━━ Extracted material ━━

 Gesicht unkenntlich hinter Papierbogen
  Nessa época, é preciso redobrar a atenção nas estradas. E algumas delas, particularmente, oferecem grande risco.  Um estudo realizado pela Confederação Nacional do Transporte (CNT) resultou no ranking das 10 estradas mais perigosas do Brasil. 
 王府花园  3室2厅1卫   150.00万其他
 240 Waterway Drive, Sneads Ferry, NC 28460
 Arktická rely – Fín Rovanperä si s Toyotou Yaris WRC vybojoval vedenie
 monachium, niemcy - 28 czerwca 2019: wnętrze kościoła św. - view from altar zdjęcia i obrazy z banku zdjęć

━━━
━━ Extracted material ━━

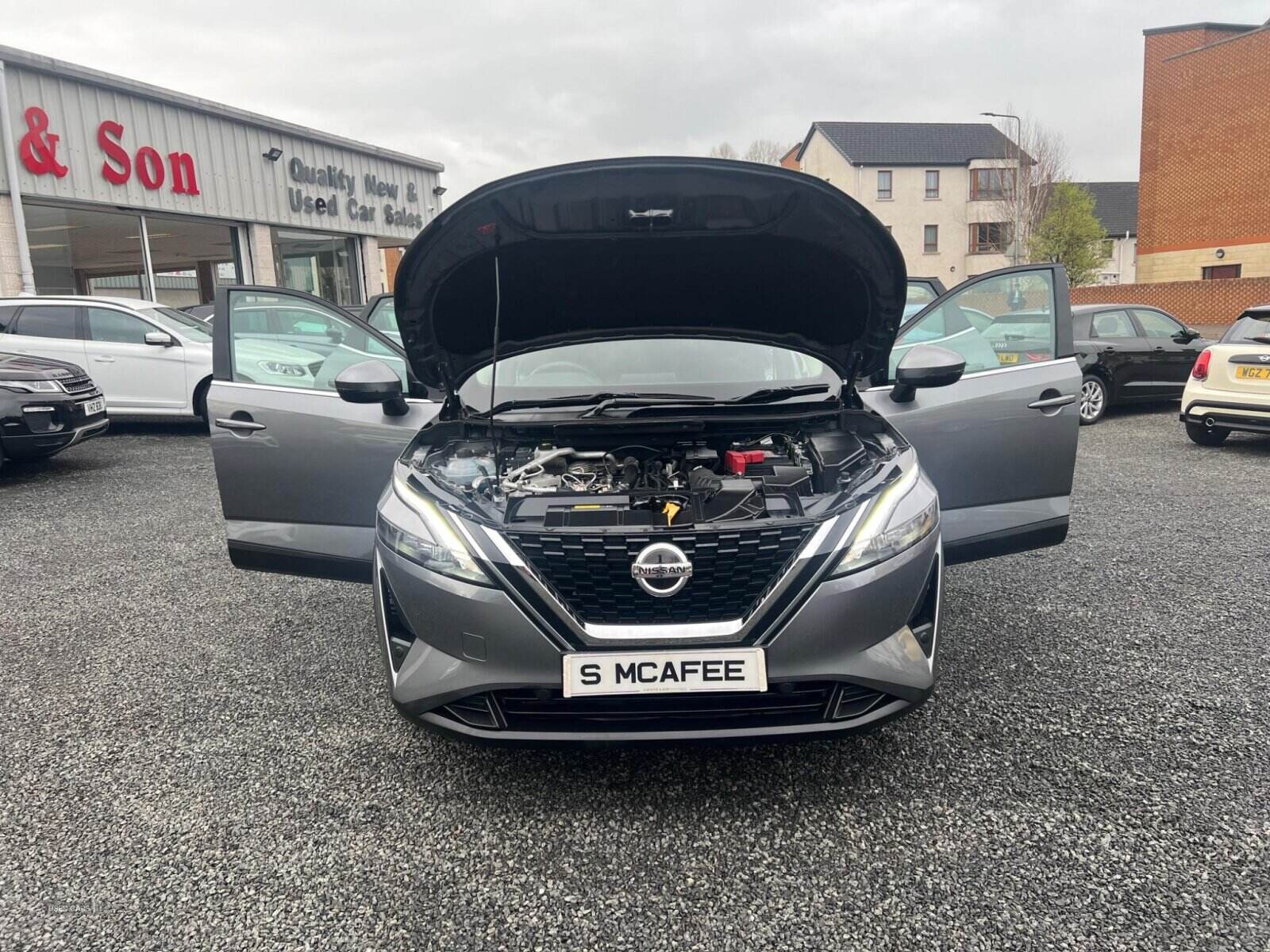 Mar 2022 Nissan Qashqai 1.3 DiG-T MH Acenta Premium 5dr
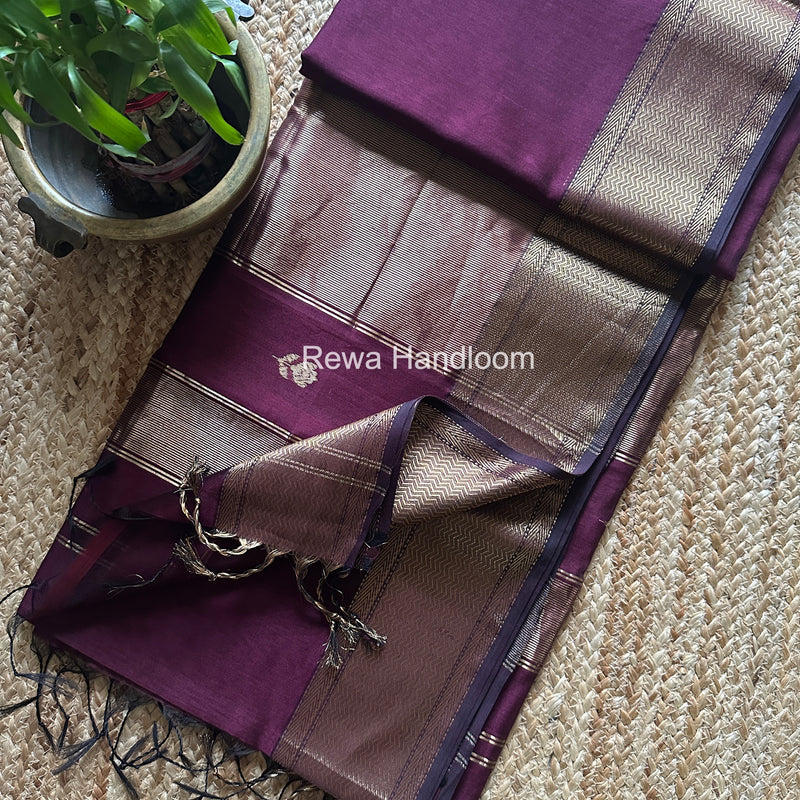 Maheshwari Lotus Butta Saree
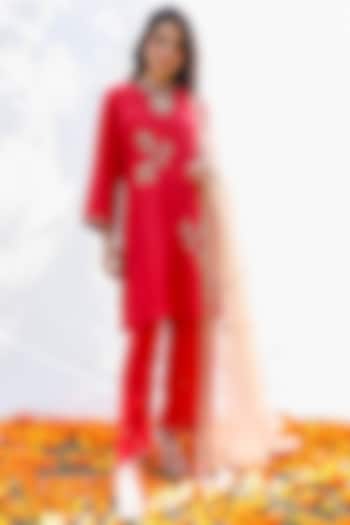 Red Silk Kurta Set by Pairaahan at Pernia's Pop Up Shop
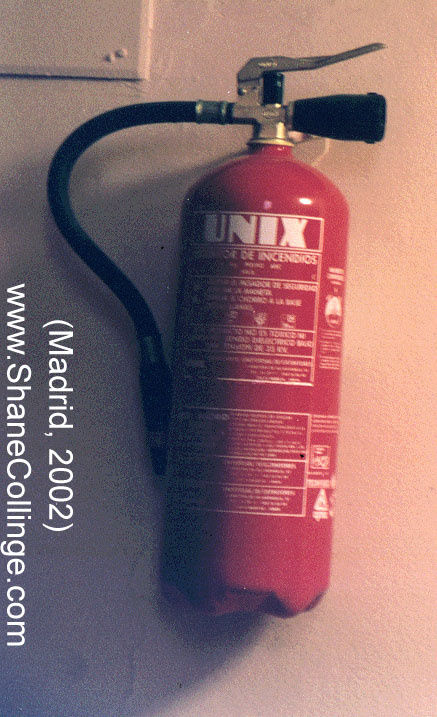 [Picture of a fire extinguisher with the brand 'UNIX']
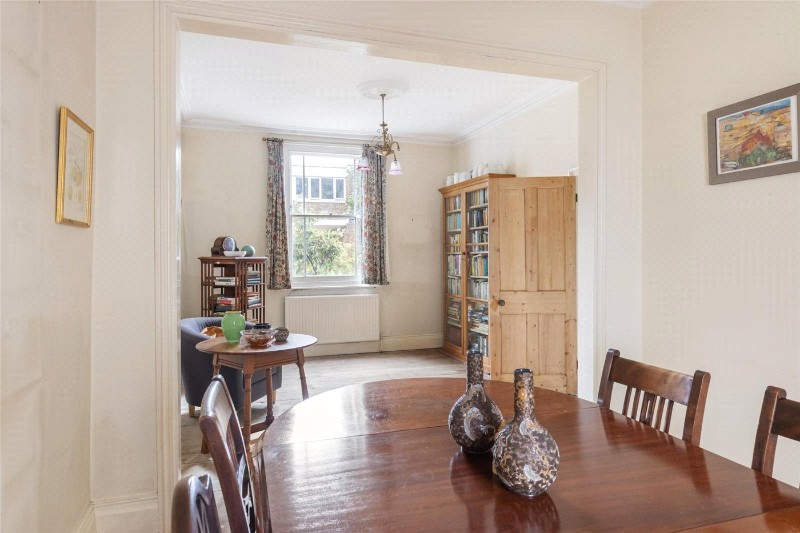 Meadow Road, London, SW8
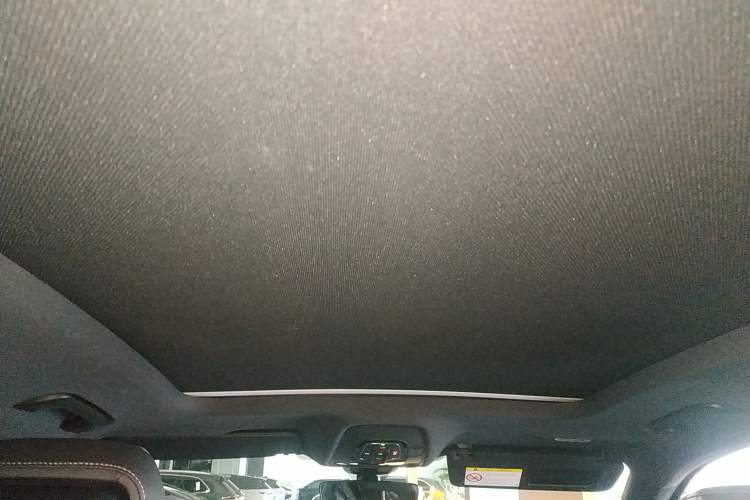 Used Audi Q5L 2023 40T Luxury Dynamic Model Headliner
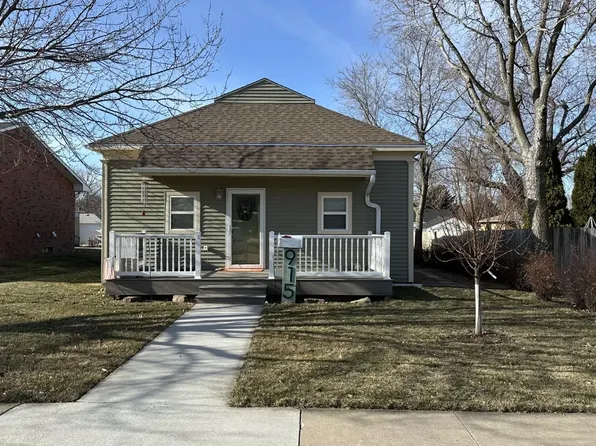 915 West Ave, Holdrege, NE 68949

━━━
━━ Extracted material ━━

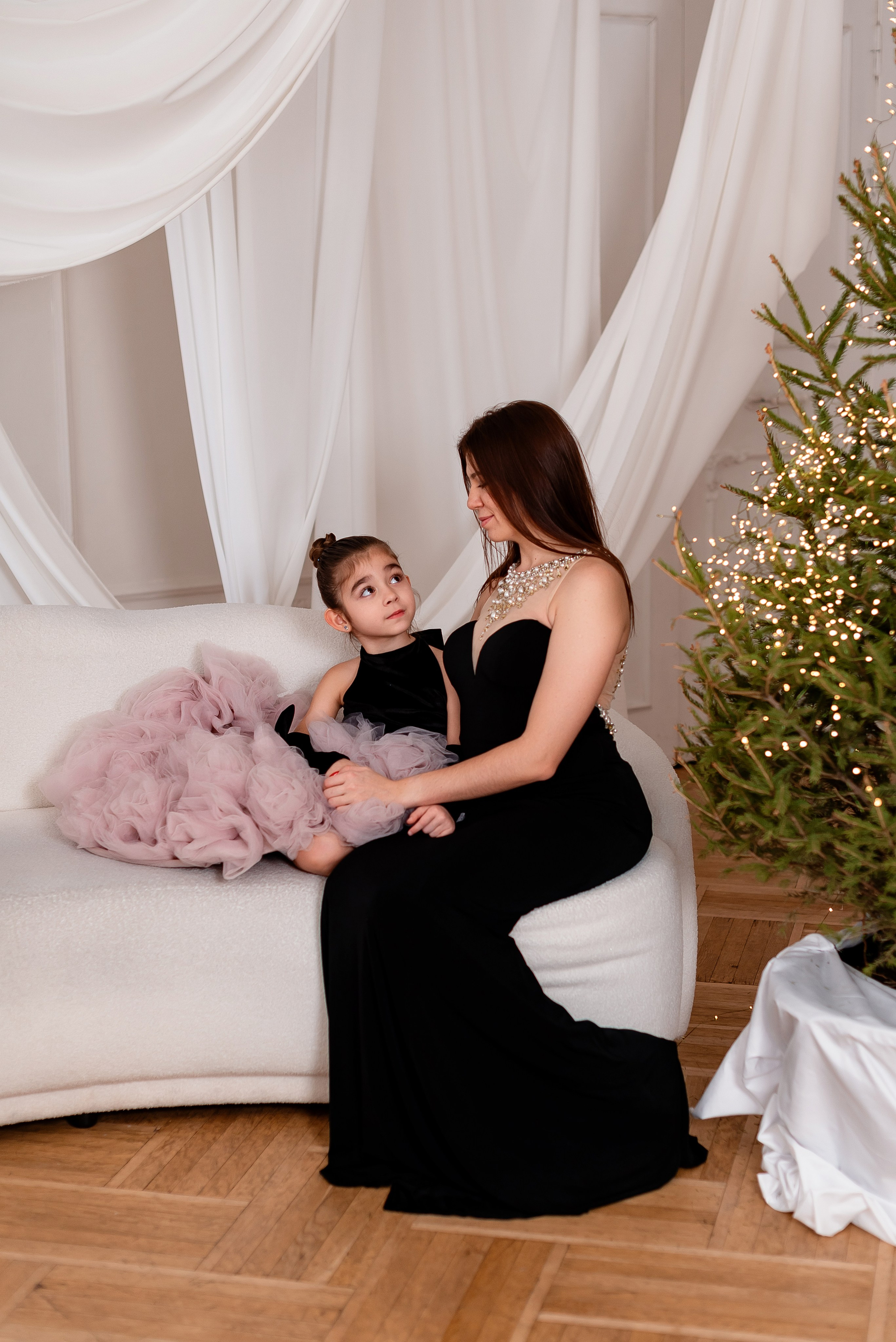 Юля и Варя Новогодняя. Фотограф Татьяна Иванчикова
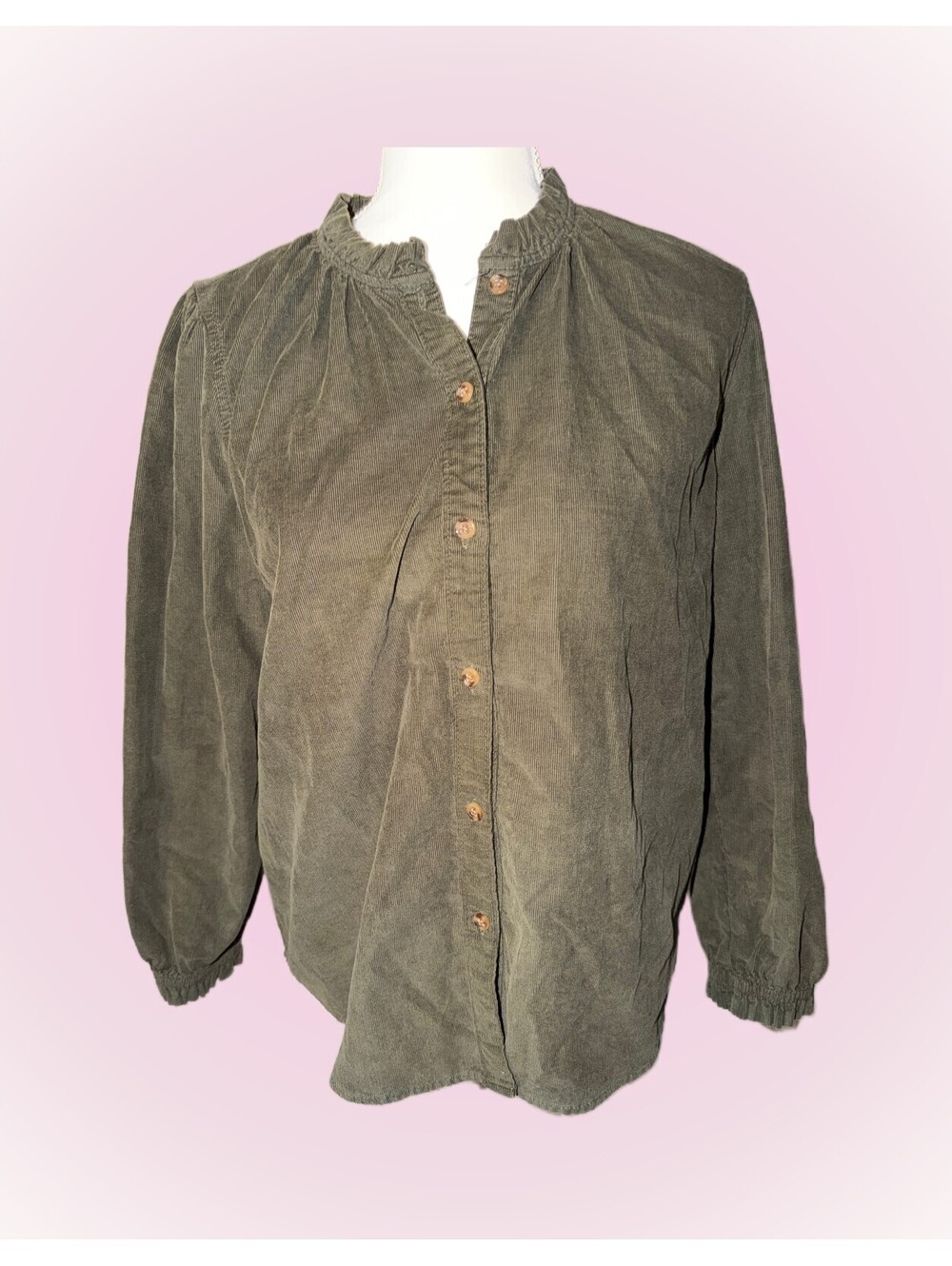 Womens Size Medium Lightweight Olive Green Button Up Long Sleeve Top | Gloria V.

━━━

Task directions: Exact copy, no pictures. Write out the lines in the entries above, starting with the line with "Red Silk Kurta" and going on through the line with "915 West Ave, Holdrege, NE 68949", keeping both.

Exercise solution:
 Red Silk Kurta Set by Pairaahan at Pernia's Pop Up Shop
 [Picture of a fire extinguisher with the brand 'UNIX']
 Meadow Road, London, SW8
 Used Audi Q5L 2023 40T Luxury Dynamic Model Headliner
 915 West Ave, Holdrege, NE 68949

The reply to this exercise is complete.